Social psychology textbooks list several ways in which audiences can be deceived by propaganda.
First of all, audiences are more likely to accept an idea if they believe it was heard inadvertently; in other words, there is a natural tendency to resist a message that is presented in an assertive way, while there will be far less negative reaction if the audience hears the same theme in a context that is relatively "matter-of-fact."

Audiences are also more likely to actually change their opinions if they receive a message from a variety of sources that mutually reinforce one another.

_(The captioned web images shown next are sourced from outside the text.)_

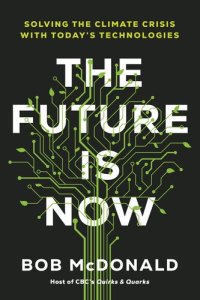 cover of the book The Future Is Now: Solving the Climate Crisis with Today's Technologies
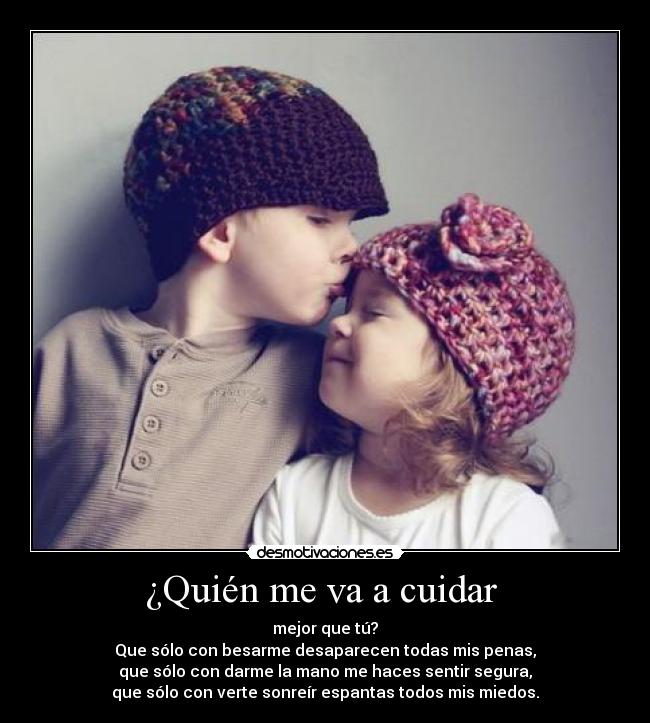 carteles cuidar tu mejor besar mano miedos segura sonreir espantas pareja amor desmotivaciones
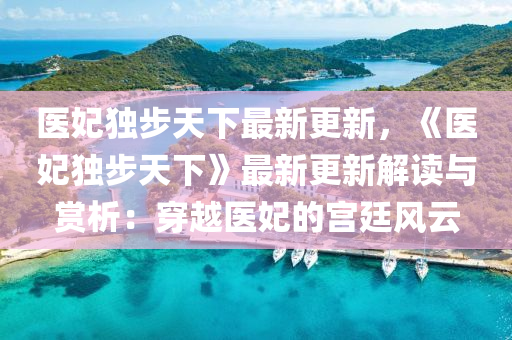 医妃独步天下最新更新，《医妃独步天下》最新更新解读与赏析：穿越医妃的宫廷风云
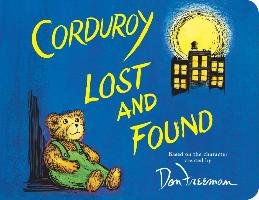 Corduroy Lost and Found Freeman Don, Hennessy B. G.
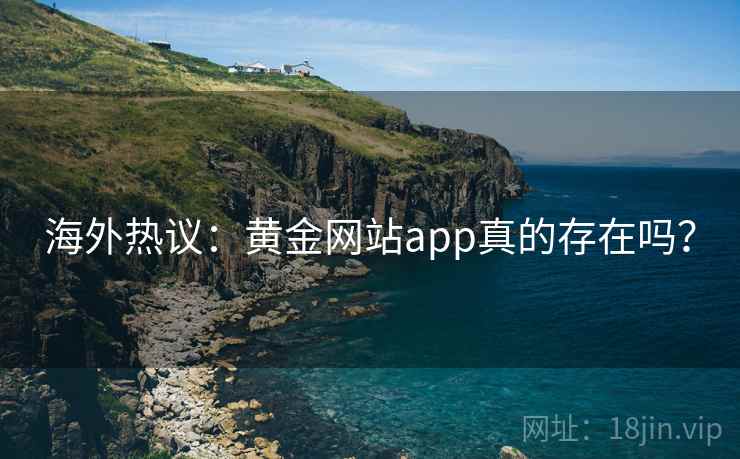 海外热议:黄金网站app真的存在吗? 海外热议:黄金网站app真的存在吗?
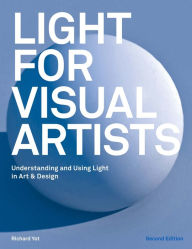 Title: Light for Visual Artists Second Edition: Understanding, Using Light in Art & Design, Author: Richard Yot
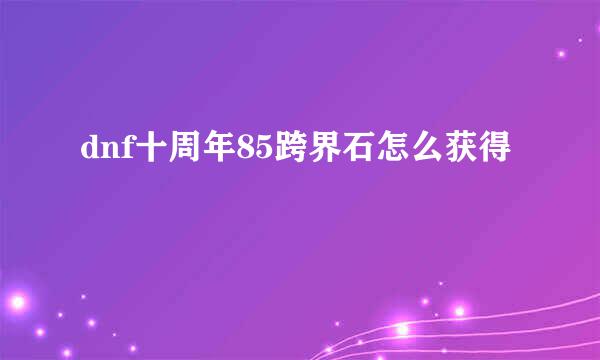 dnf十周年85跨界石怎么获得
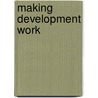 Making Development Work door Onbekend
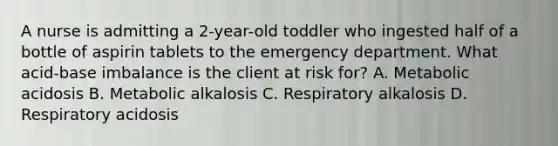 A nurse is admitting a 2-year-old toddler who ingested half of a bottle of aspirin tablets to the emergency department. What acid-base imbalance is the client at risk for? A. Metabolic acidosis B. Metabolic alkalosis C. Respiratory alkalosis D. Respiratory acidosis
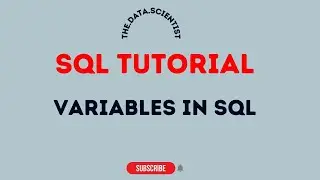 Mastering Variables in #SQL: The Essential Guide for Beginners and Pros!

Similarly, people tend to approve of a statement made by someone who is in some way similar to them, an expert on the topic under discussion, or one who begins by expressing an opinion with which the listener (or viewer or reader) strongly agrees.

Under some circumstances, propaganda messages can be made more potent by incorporating opposing arguments in a way that tends to discredit them, while at the same time giving the audience the impression that it is hearing both side of the debate.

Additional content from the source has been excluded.